In phase I, the prophylactic PTV received a stable dose of 50.40Gy/1.80Gy/28f while the boost area was planned with 3 consecutive dose levels: the first dose level was 60.76Gy/2.17Gy/28f, and then escalated approximately every 2 Gy. ENI was incorporated in Clinical Target Volume (CTV), and paclitaxel and nedaplatin were given concurrently for at least 5 weeks. In phase II, enrolled patients were treated with Maximum Tolerated Dose (MTD) obtained in phase I and the compliance rate, survival results and toxicities were evaluated.

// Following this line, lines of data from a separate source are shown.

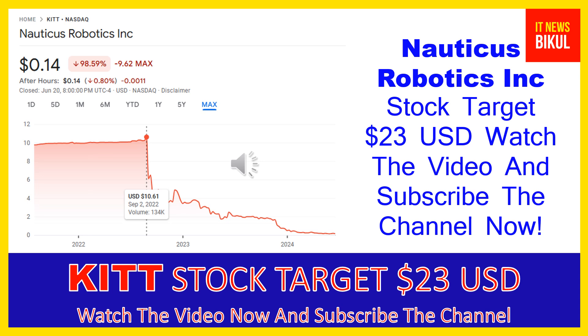The company was founded in 2014 and is headquartered in Webster, Texas. Nauticus Robotics is in the industrials sector, working in the aerospace and defense industry, with above 72 employees.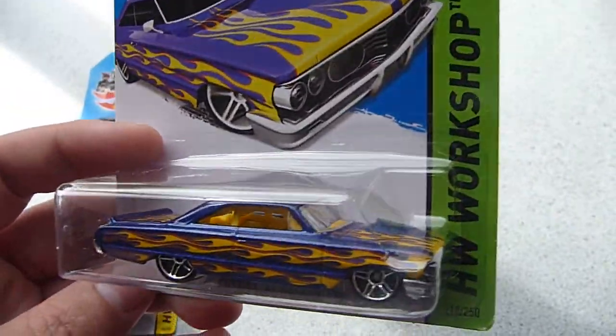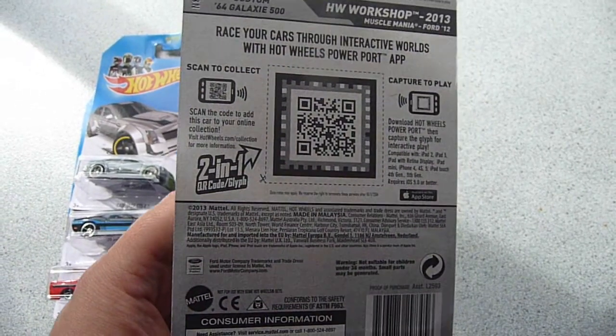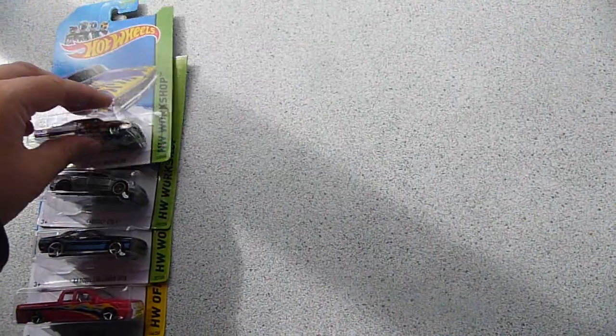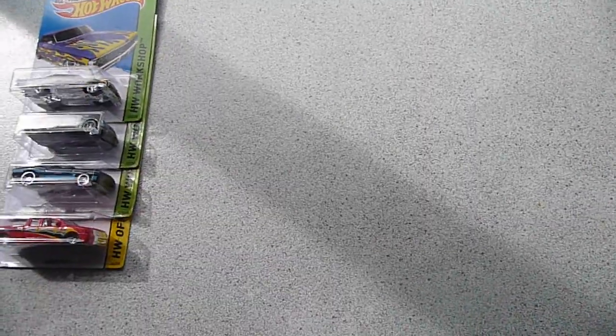They are on 2014 cards which is a little bit annoying for my OCD, because they are a 2013 product. They didn't come on any other cards, so can't chase those up. They are great additions to the collection.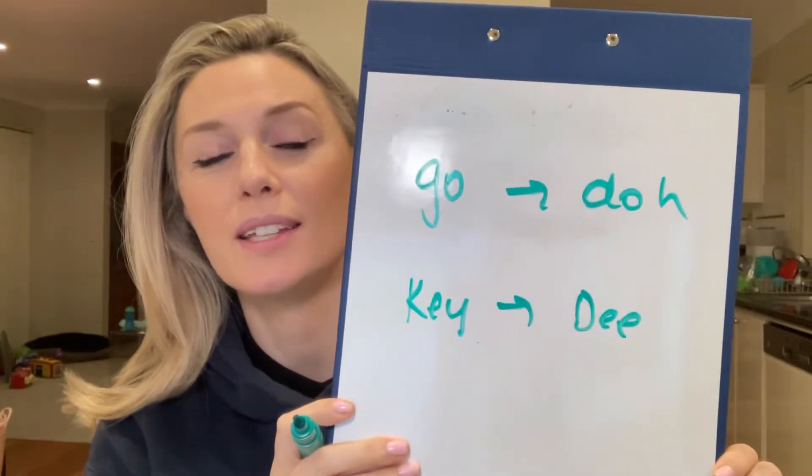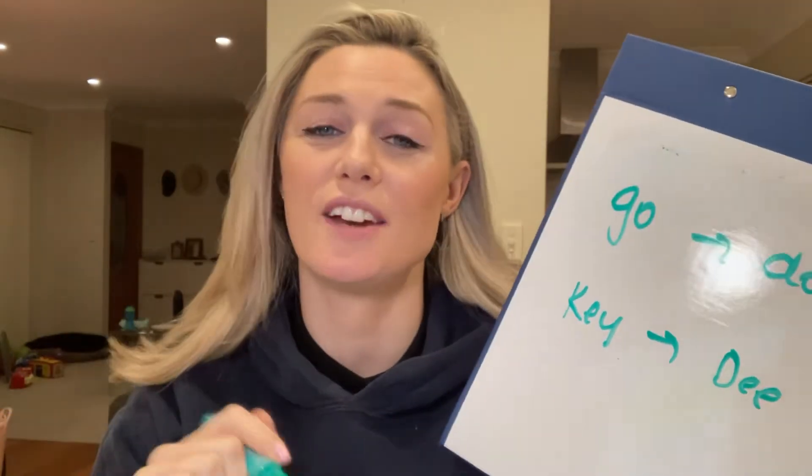And it's the same for 'k' sounds. So instead of 'key,' we're going to hear 'd.' So like 'I have a tati' instead of 'a car key.'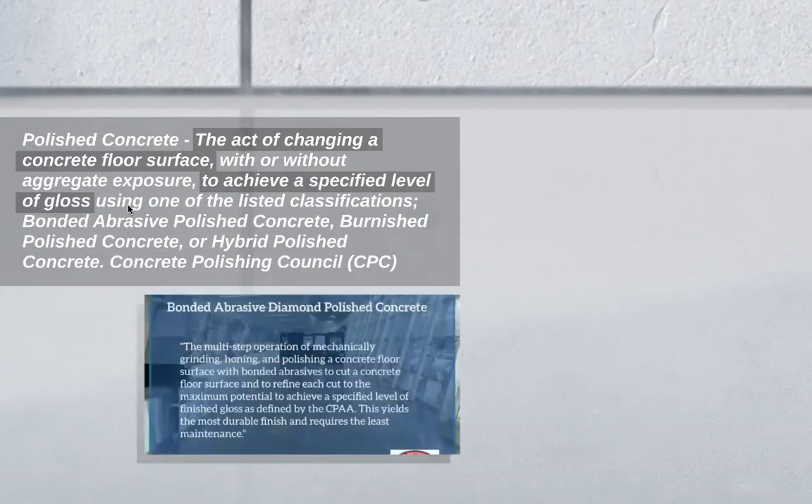Earlier, the Concrete Polishing Association of America's definition was a little different. While they still talk about gloss and reflectivity, they were very specific in how that is achieved and what that means for durability and long life cycles. So how did we get from that to this?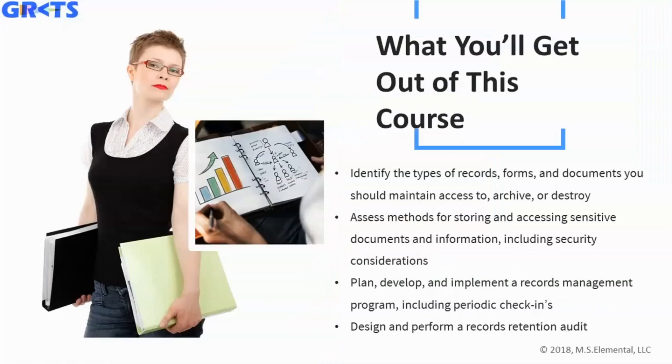Here's what we plan to show you. We're going to go through identifying the different types of records, forms, and documents that you should maintain access to, archive, or destroy. We'll also assess different methods for storing and accessing sensitive documents and information, and look at some security considerations to keep in mind. We'll also go through planning, developing, and implementing a records management program including periodic check-ins for yourself and your team.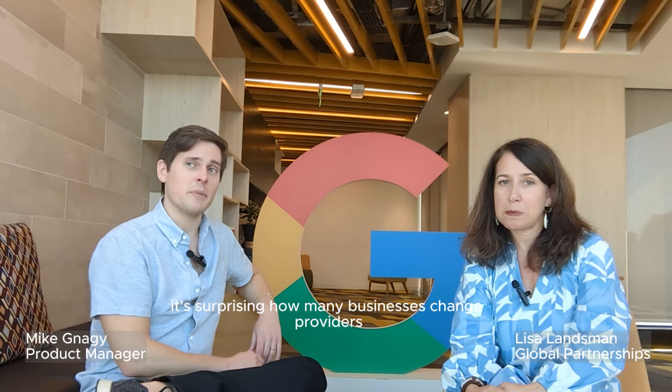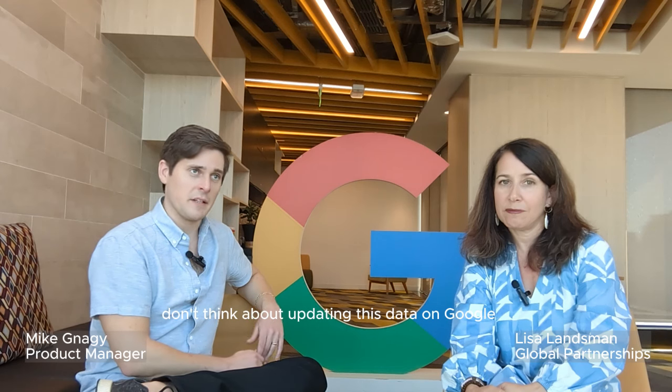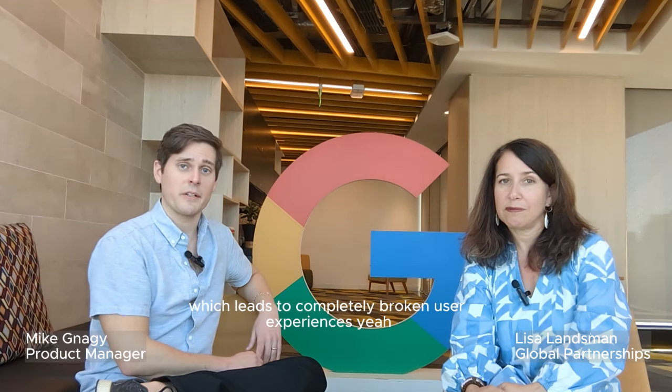It's surprising how many businesses change providers and don't think about updating this data on Google, which leads to completely broken user experiences.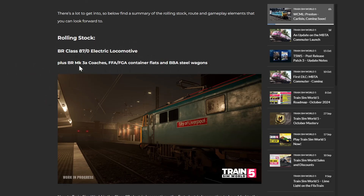So here we have the Class 87, plus Mark 3As, FFAs, and FGA container flats, and BBA steel carriers as well - so we're getting more container flats and various wagon types included with this route.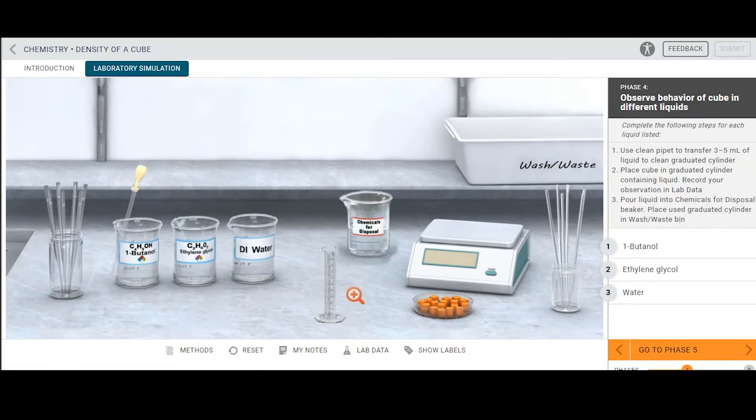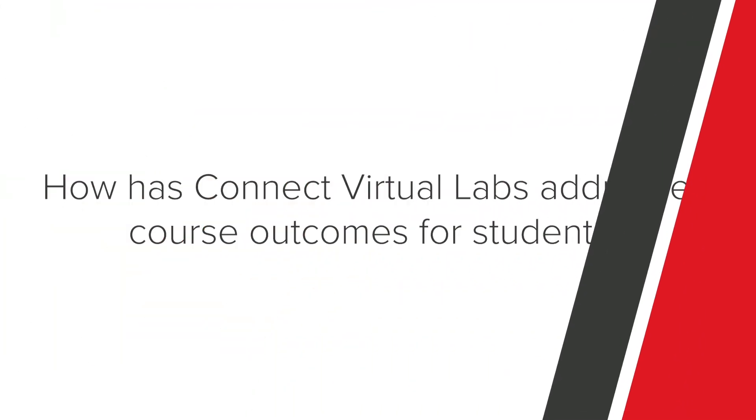I also enjoy it, and it's easy for me to use, it's easy for me to assign to the students, so I'm finding it's making my life a lot easier as well. My lab component is to investigate scientific questions but also demonstrate those scientific concepts, and students are able to do that with the Connect Virtual Lab — they can learn the different concepts from class and then apply and practice those skills and get feedback right away.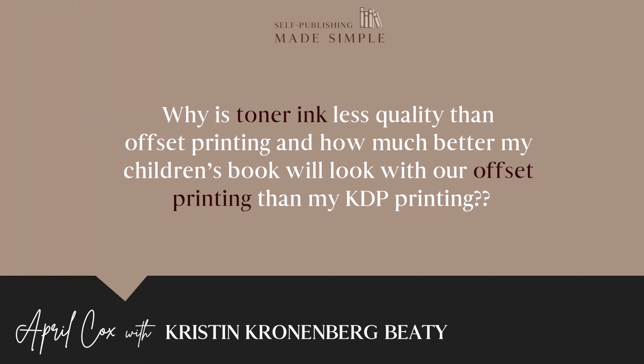Why is toner less quality than offset printing? Toner just sits on top of the paper and can have an almost sheen-like appearance — it's not ideal in the printing world, though it is cost effective and fast. As for KDP, I'm not sure exactly what they use, but the colors may appear differently than they would on an offset press.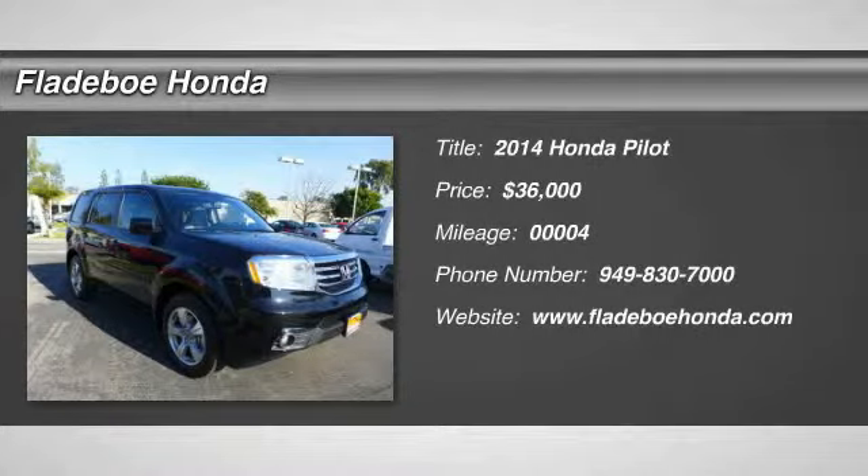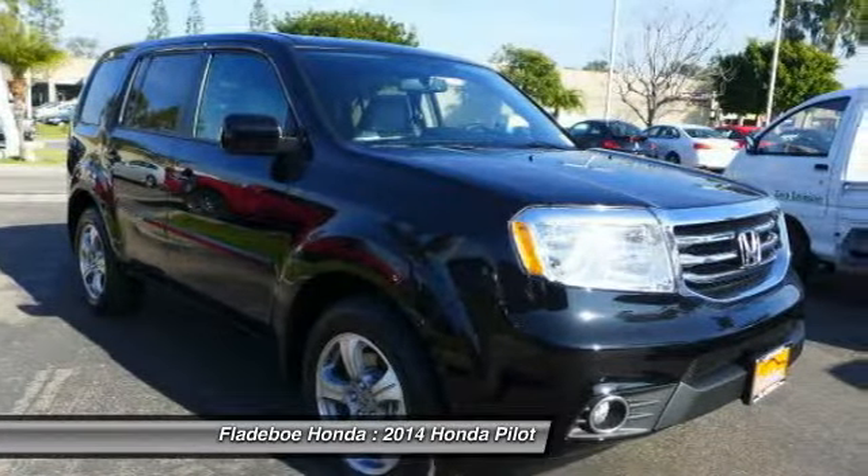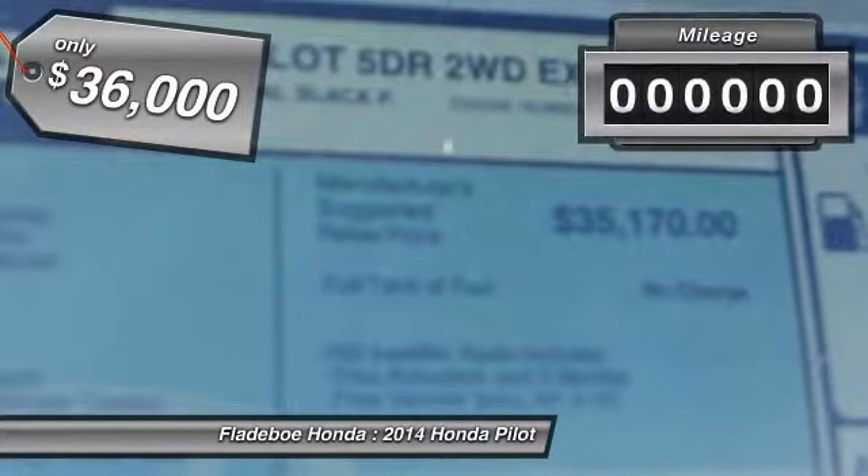The 2014 Pilot. Optimal utility. Indulgent interior. Powerful performer. You'll be ready for almost anything in the Honda Pilot, and it's priced below $40,000.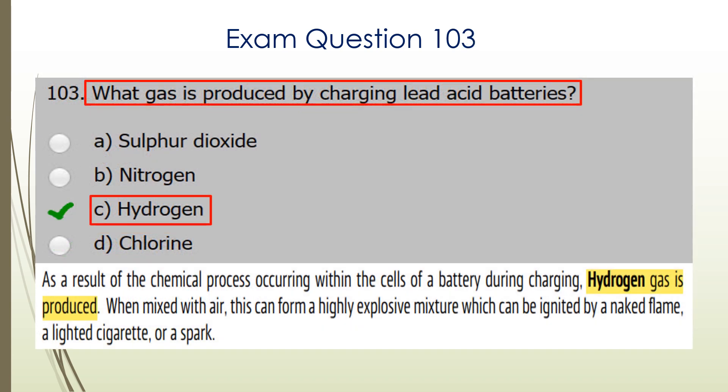Question 103. What gas is produced by charging lead-acid batteries? There's the explanation taken from the Marine Radio Licence Handbook. The correct answer is C: hydrogen.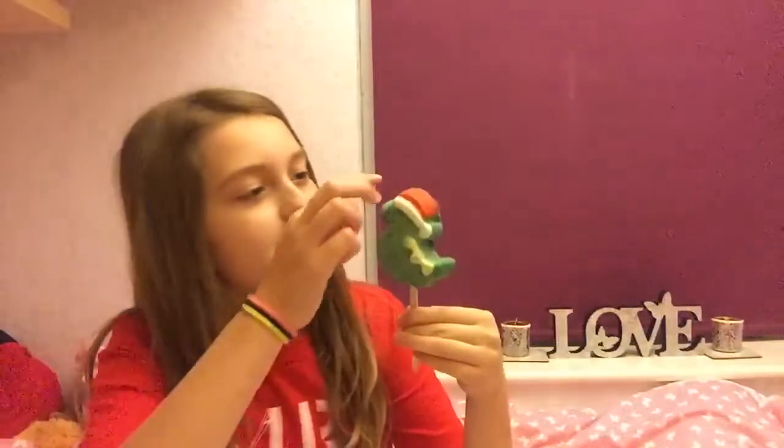First thing from Lush is the Santa Sarge Reusable Bubble Bar. It says crumble one bar under running warm water to create thousands of luxurious indulgent bubbles in your bath and release essential oils. This is a Christmas limited edition from Meadowhall in Sheffield. This was £5.95.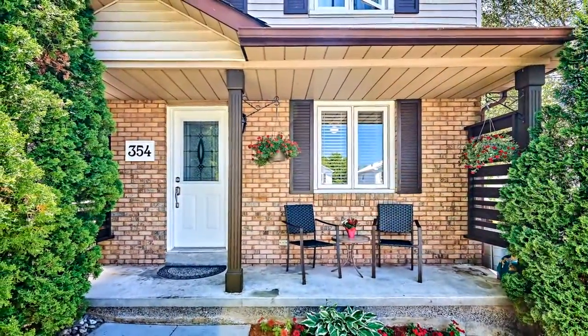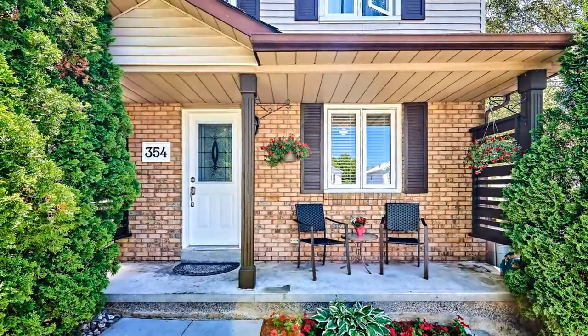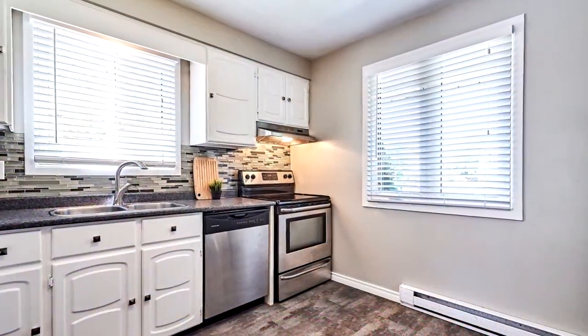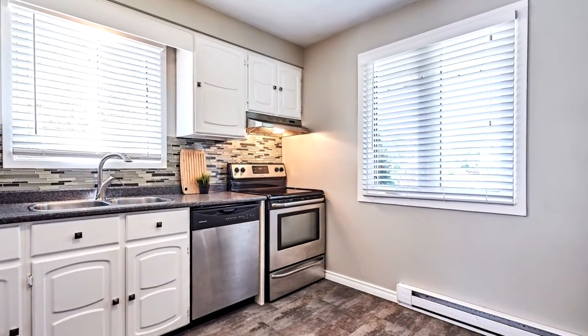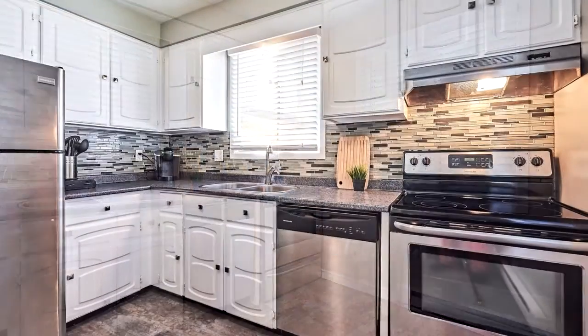This three-bedroom home has been freshly painted, has new flooring and a newly created powder room for the main floor. The large updated kitchen leads to bright and open living and dining areas.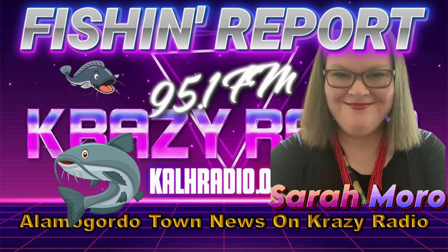That's it for this week. I'll be back next week with another fishing and stocking report update. For Crazy Radio, I'm Sarah Morrow.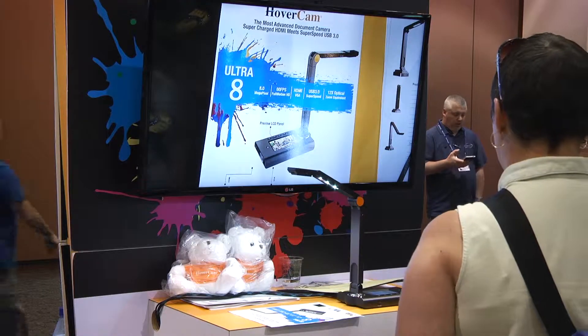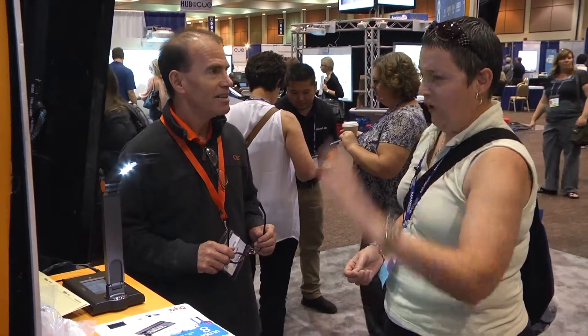I mean, that's cool. That's cool, and that's powerful. And the price — holy cow. I couldn't believe it. We've spent more on ones that have far less functionality.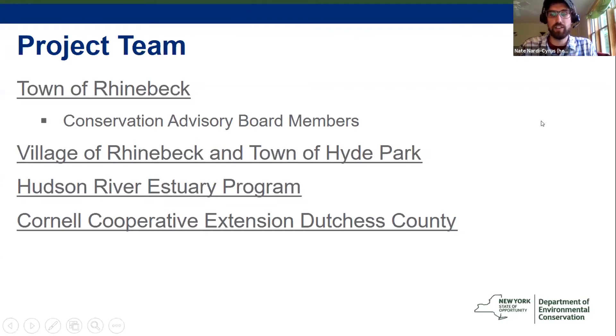This is actually an inter-municipal project. We're working with not only members of the Environmental Committee for the Village of Rhinebeck, but also volunteers from the Town of Hyde Park, which include both CAC members and planning board members, as well as a couple of other interested folks. It's a big group in addition to the Rhinebeck Conservation Advisory Board, and we're all working together and making great progress.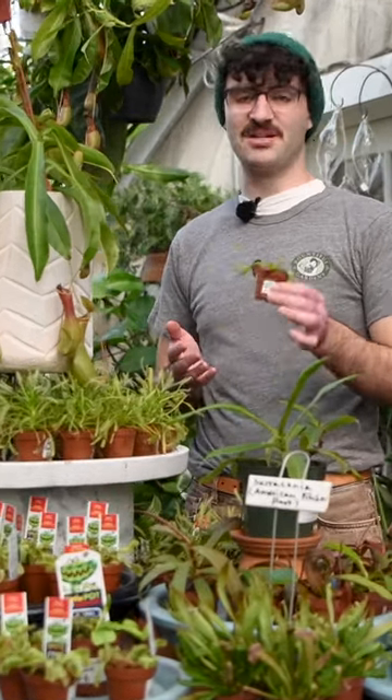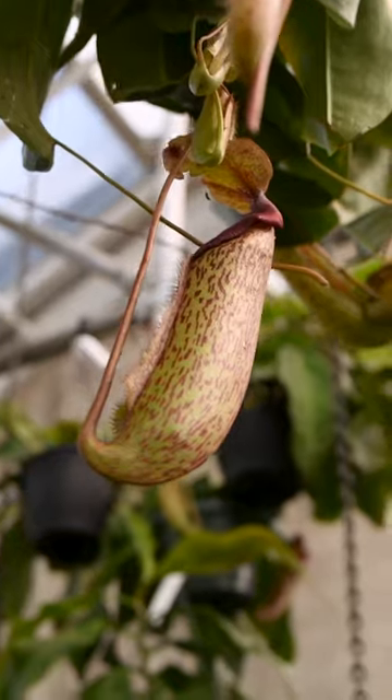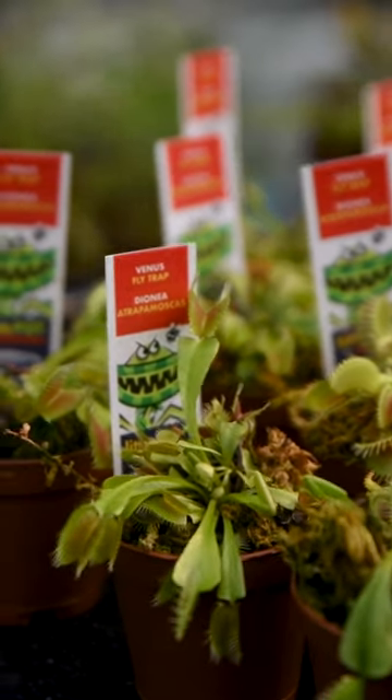Did you know some plants eat meat? Well, bugs to be more exact. These are carnivorous plants and they get most of the nutrients they need by patiently waiting around for a bug to land right into one of their traps.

From December 2014 to April 2017, 53 patients were enrolled. In phase I, 2 out of 6 patients developed Dose-Limiting Toxicity (DLT) at dose level 1. Due to excessive treatment-related toxicities, the escalation process was suspended and de-escalated to 59.92Gy /2.14Gy /28 f. Three patients were treated at this dose level, all of whom completed at least 5 weeks of chemotherapy and none of whom reached a DLT, determining the newly added dose level to be the MTD.
In phase II, 44 patients were treated with MTD, 31 of them (70.0%) completed at least 5 weeks of chemotherapy. The most common Grade 3 or 4 toxicities in phase II included leukopenia (21%) and esophagitis (15%). With a median follow-up time of 16.9 months, 1-y OS, DFS and local failure-free survival were 76.9, 63.6 and 78.8% respectively.
The SIB technique was feasible and safe at the MTD (95% PGTV/PTV 59.92/50.40Gy/28f) concurrent with ENI and dual-drug chemotherapy for patients with unresectable esophageal cancer.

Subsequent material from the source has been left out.